Yes and No.
There are supports, but its a patchwork of supports with massive gaps. The likelihood of making it through everything fully supported is very low. You can go through a couple of different channels, detox/treatment or housing first. I will summarize them both but there are huge asterixis because there are so many small programs/gaps that experiences vary wildly. But in general:
For treatment: There are detox facilities, but availability is wildly variable. Not uncommon to request detox and then wait weeks, at which point new barriers have arisen. After detox, there are treatment centers but it is very hard to sync the transition from detox to recovery, so you may end up going from detox to back on the street for a few days before your treatment bed is available, a very common place for people to fall off. Treatment beds are unregulated with no standard of care/inspection so the quality you get could range from awesome to downright abusive, and very few are forgiving of mistakes, if you mess up you are likely kicked out immediately.

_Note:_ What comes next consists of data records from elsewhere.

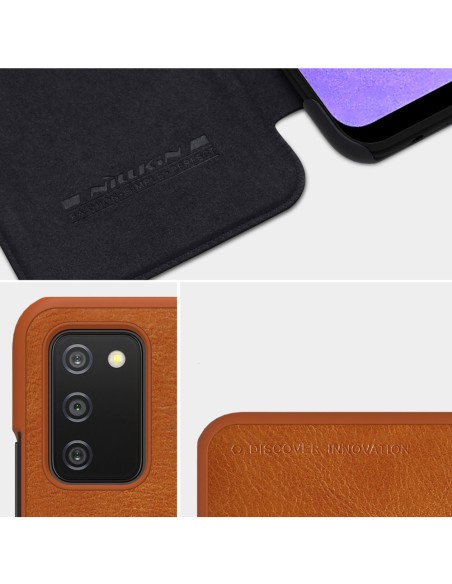 Nillkin Qin odinis dėklas Samsung Galaxy A03s raudonas Nillkin Qin odinis dėklas Samsung Galaxy A03s raudonas
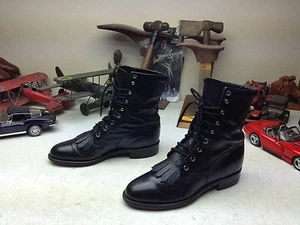 JUSTIN MADE IN USA BLACK LEATHER LACE UP GRANNY KILTIE WESTERN RANCH BOOTS 6 D - Picture 1 of 7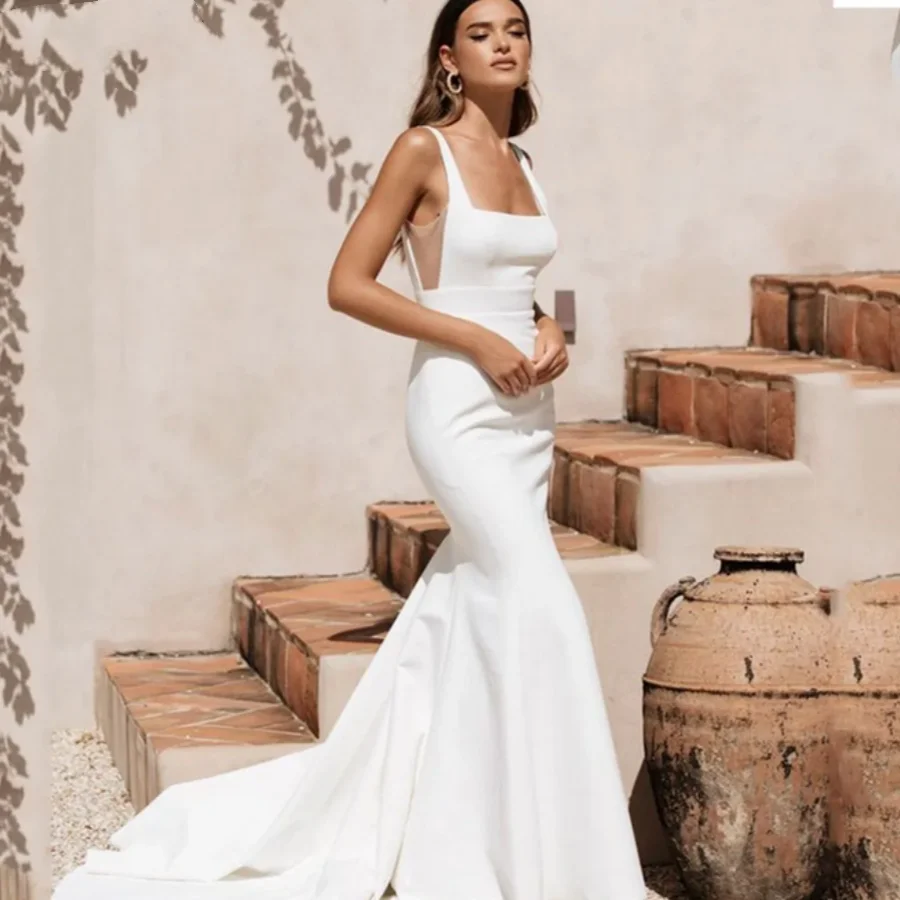 OUSIRUI เซ็กซี่สีขาวสปาเก็ตตี้สายรัด Chic Boho เจ้าสาว Backless Mermaid ชุดแต่งงานผู้หญิงชุดซาตินยืดหยุ่น Vestidos De Novia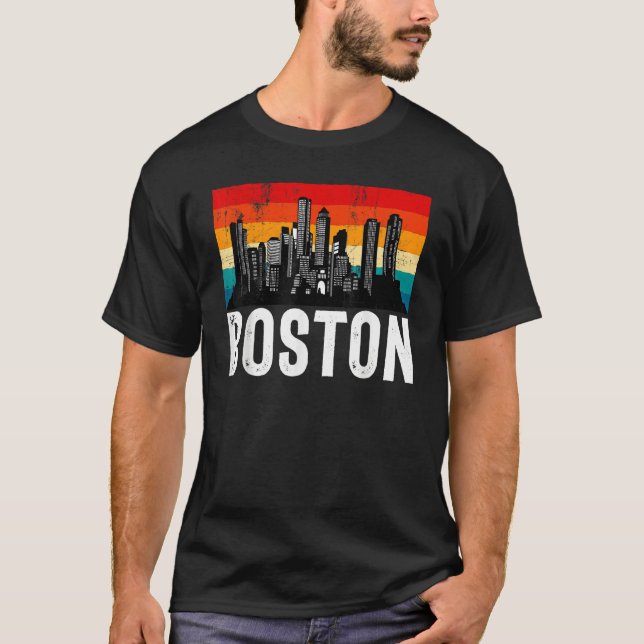 Camiseta Boston  Retro Boston  Boston Massachusetts (Frente)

Then assuming you get clean and sober you are discharged and on your own. You likely have to cut all the social connections you have as most of your family/friends likely played a role in you being addicted to begin with. And you get to do that on Alberta Works which provides you with $824 a month to pay rent, utilities, food, transportation, etc. The wait for social housing is now measured in decades, so you have to find a place to live on the private market. There are employment programs, but most are just a few classes a week with a one or two week practicum. And if you have a criminal record/long term employment gap you almost certainly will never get a job. As soon as that criminal record check comes in your probation period will end with you let go. We have zero guaranteed jobs programs.
For housing first, you are placed with a worker IF you have been chronically homeless for at least 6 months. You will get a housing subsidy that pays for rent for a One Year period and access to support programs like employment coaching, financial management courses, etc. However, your worker has a caseload of around 30-50 people and will at best touch base with you once a week. You are expected to managed your own attendance to programs. Then, after the one year is up you will "Graduate" as being "housed" and the subsidy/supports will end (except in some very specific circumstances). You are then on your own living on $824 a month when the place you were set up in with the subsidy likely costs 800-1200 a month. Our "Housing First" program does not do check in's after the subsidy ends so we have no idea of its effectiveness long term, but anecodately its not very good. IMO, we have a "Rapid Re-Housing" program that is misadverstised as housing first because of our lack of social housing supply at income support rates. If you managed to make it to self-sufficiency from likely decades of trauma/addiction in that 12 month period you are amazing and I am in awe of your tenacity.
Basically, there are supports but they require you to be superhumanly perfect at making zero mistakes, living with almost no money, and supports that start and disappear at arbitrary times with out any cohesion or support during transitions. And you will likely go through this journey alone with new people entering/exiting your life as your time with their program ends.